The message of these expansive evangelists was simple and direct. Christian faith, they all agreed, whatever its personal rewards in terms of religious assurance, also promised education, health, and social progress to all sorts of deprived and oppressed peoples. In our less romantic age, we may smile at this simplistic creed, sugar-coated with token benefits, thinly hiding a political and economic policy of western imperialism. Well, that may be part of the story, and the debunking of the foreign missionary enterprise has gone on apace in recent years. But it would be futile to impugn the motives of these apostles to the people. Their record of astonishing achievements is available for all to examine.

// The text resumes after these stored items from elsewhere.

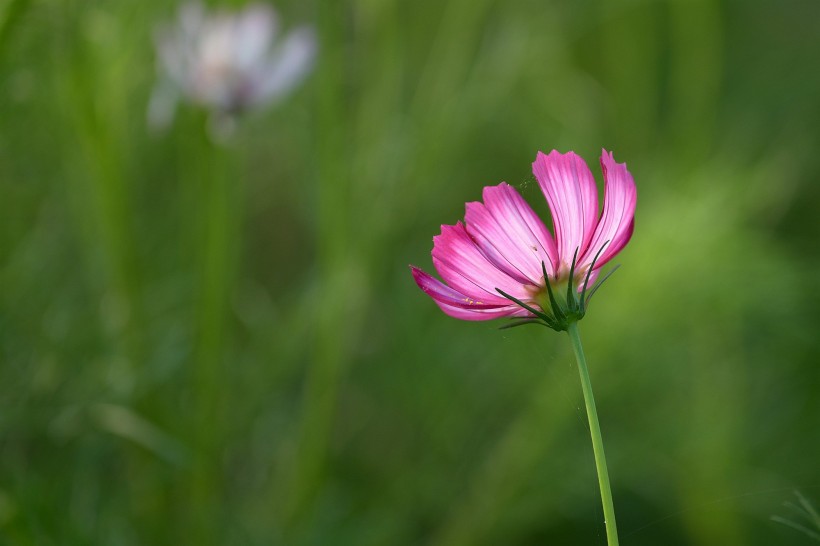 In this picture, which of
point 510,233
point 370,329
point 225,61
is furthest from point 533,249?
point 370,329

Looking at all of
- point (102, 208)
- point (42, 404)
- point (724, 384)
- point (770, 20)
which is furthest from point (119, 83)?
point (770, 20)

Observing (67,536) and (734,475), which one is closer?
(67,536)

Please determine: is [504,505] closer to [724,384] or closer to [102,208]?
[724,384]

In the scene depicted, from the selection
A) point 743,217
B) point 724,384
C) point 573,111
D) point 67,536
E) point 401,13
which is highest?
point 401,13

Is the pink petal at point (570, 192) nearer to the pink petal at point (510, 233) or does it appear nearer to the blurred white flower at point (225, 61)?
the pink petal at point (510, 233)

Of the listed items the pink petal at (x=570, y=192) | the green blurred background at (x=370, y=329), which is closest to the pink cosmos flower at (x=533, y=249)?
the pink petal at (x=570, y=192)

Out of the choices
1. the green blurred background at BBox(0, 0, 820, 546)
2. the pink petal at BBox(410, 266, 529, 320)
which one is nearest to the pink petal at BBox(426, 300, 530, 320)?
the pink petal at BBox(410, 266, 529, 320)

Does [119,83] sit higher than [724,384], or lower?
higher

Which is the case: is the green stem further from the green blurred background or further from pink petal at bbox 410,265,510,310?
the green blurred background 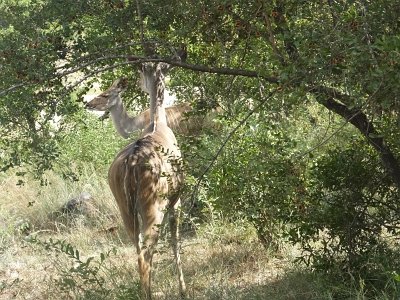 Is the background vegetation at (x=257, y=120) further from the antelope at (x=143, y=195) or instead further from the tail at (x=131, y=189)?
the tail at (x=131, y=189)

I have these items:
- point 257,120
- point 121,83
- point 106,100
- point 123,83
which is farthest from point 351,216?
point 106,100

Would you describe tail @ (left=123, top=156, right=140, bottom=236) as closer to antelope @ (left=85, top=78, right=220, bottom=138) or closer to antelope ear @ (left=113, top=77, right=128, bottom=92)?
antelope ear @ (left=113, top=77, right=128, bottom=92)

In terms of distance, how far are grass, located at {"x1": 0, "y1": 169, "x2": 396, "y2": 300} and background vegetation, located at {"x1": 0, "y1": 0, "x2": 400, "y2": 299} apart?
28 mm

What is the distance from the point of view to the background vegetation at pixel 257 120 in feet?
14.1

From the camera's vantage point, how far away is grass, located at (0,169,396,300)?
6.07 m

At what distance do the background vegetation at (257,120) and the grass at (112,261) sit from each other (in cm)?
3

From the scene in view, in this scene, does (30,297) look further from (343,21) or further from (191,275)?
(343,21)

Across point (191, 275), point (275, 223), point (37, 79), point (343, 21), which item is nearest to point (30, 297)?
point (191, 275)

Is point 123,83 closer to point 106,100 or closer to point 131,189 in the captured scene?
point 106,100

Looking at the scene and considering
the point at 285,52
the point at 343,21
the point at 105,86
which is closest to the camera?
the point at 343,21

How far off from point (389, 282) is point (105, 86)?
542 centimetres

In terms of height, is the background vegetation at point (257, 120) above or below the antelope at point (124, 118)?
below

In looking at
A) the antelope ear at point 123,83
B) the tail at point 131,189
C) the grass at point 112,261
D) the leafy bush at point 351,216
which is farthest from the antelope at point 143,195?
the antelope ear at point 123,83

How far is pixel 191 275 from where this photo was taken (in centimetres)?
721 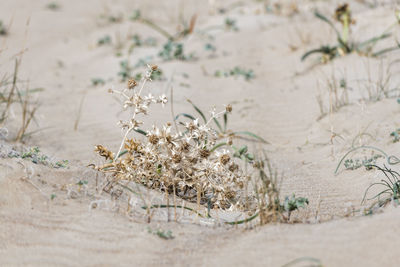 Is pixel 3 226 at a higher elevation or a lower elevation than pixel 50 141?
lower

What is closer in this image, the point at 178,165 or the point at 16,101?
the point at 178,165

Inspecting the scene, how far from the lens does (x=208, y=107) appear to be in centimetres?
519

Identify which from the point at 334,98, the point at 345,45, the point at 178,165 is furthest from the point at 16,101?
the point at 345,45

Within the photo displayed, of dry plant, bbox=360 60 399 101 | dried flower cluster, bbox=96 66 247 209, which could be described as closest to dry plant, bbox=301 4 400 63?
dry plant, bbox=360 60 399 101

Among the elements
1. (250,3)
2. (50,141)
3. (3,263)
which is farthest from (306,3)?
(3,263)

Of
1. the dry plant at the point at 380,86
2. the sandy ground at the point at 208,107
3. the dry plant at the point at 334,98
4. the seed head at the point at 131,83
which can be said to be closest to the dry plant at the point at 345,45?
the sandy ground at the point at 208,107

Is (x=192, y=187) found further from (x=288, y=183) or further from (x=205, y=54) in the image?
(x=205, y=54)

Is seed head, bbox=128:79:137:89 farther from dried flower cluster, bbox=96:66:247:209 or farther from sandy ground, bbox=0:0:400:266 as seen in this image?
sandy ground, bbox=0:0:400:266

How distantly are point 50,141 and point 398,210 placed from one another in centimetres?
298

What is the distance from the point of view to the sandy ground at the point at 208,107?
2.39 meters

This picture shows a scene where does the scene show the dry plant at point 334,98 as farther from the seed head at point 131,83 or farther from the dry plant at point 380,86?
the seed head at point 131,83

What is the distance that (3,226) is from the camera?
2533 mm

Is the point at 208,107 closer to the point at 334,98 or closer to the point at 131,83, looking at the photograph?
the point at 334,98

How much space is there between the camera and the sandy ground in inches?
94.2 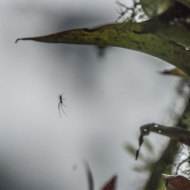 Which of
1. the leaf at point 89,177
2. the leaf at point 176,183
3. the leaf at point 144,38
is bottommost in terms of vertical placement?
the leaf at point 89,177

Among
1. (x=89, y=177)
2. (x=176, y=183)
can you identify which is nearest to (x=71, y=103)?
(x=89, y=177)

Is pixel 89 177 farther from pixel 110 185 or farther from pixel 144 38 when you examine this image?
pixel 144 38

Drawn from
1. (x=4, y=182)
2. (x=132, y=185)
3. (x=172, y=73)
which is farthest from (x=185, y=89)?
(x=4, y=182)

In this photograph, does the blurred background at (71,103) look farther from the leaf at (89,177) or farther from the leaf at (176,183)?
the leaf at (176,183)

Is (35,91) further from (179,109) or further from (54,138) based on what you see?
(179,109)

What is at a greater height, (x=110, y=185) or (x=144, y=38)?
(x=144, y=38)

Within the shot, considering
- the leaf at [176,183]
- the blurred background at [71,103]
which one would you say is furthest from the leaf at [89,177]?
the leaf at [176,183] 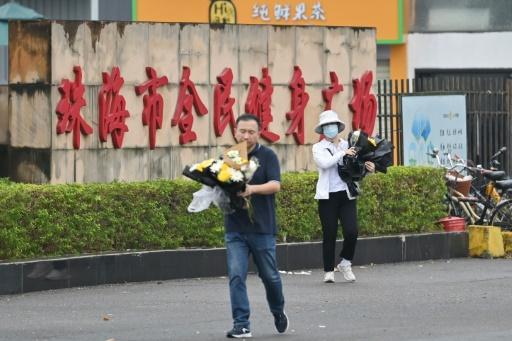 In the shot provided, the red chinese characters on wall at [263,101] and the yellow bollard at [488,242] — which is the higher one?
the red chinese characters on wall at [263,101]

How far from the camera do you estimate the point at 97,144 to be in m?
16.5

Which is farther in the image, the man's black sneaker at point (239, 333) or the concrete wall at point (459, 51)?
the concrete wall at point (459, 51)

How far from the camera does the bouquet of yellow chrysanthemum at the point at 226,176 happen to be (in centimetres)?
1082

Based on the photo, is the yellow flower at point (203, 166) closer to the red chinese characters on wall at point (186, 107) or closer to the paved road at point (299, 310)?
the paved road at point (299, 310)

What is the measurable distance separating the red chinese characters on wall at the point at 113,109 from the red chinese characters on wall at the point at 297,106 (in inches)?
103

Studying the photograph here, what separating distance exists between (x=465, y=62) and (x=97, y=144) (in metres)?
15.1

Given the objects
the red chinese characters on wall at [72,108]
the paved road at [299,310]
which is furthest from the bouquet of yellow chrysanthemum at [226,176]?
the red chinese characters on wall at [72,108]

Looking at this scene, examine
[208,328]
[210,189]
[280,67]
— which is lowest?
[208,328]

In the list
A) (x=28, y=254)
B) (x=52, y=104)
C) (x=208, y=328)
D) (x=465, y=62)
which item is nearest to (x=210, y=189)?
(x=208, y=328)

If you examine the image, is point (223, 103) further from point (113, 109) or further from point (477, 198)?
point (477, 198)

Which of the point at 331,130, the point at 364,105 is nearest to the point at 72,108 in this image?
the point at 331,130

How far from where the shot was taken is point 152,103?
55.4 ft

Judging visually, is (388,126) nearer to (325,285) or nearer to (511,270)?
Answer: (511,270)

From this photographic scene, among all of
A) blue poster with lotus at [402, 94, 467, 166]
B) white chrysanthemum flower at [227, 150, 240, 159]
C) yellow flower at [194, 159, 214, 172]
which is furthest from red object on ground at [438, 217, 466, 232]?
yellow flower at [194, 159, 214, 172] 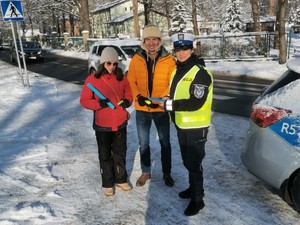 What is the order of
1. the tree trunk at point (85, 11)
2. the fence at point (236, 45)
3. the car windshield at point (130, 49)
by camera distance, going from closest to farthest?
1. the car windshield at point (130, 49)
2. the fence at point (236, 45)
3. the tree trunk at point (85, 11)

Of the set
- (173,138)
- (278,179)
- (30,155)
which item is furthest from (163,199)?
(30,155)

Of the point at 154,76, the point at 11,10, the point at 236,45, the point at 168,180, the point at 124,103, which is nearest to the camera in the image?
the point at 124,103

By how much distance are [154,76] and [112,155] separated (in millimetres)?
1115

Though active just the day-before-yesterday, these extraordinary humanitarians are almost forgotten in our day. Often self-appointed and fiercely independent, these ambassadors to the poor, the oppressed, and the derelicts of society were untiring in their life-long witness that Christian faith uplifts, enlightens, heals, and empowers all who accept the message of Good News. Well-known in their own times, they should not be forgotten in our time, for they still stand as models of excellence especially in an age such as ours that belittles selfless service, mass evangelism, and ambitious programs of social betterment for marginal people.

What distinguishes this particular group from other mass evangelists of yesterday or today was their social and humanitarian conviction that Christian faith could make a real difference for multitudes of people in their quality of life. So they organized schools and colleges, they taught the illiterate to read and write, they provided health and medical facilities, they fed the undernourished, they combatted epidemic disease, they introduced new farming and agricultural techniques, they gave outcasts a caring community, and-most of all-they held out hope to the hopeless.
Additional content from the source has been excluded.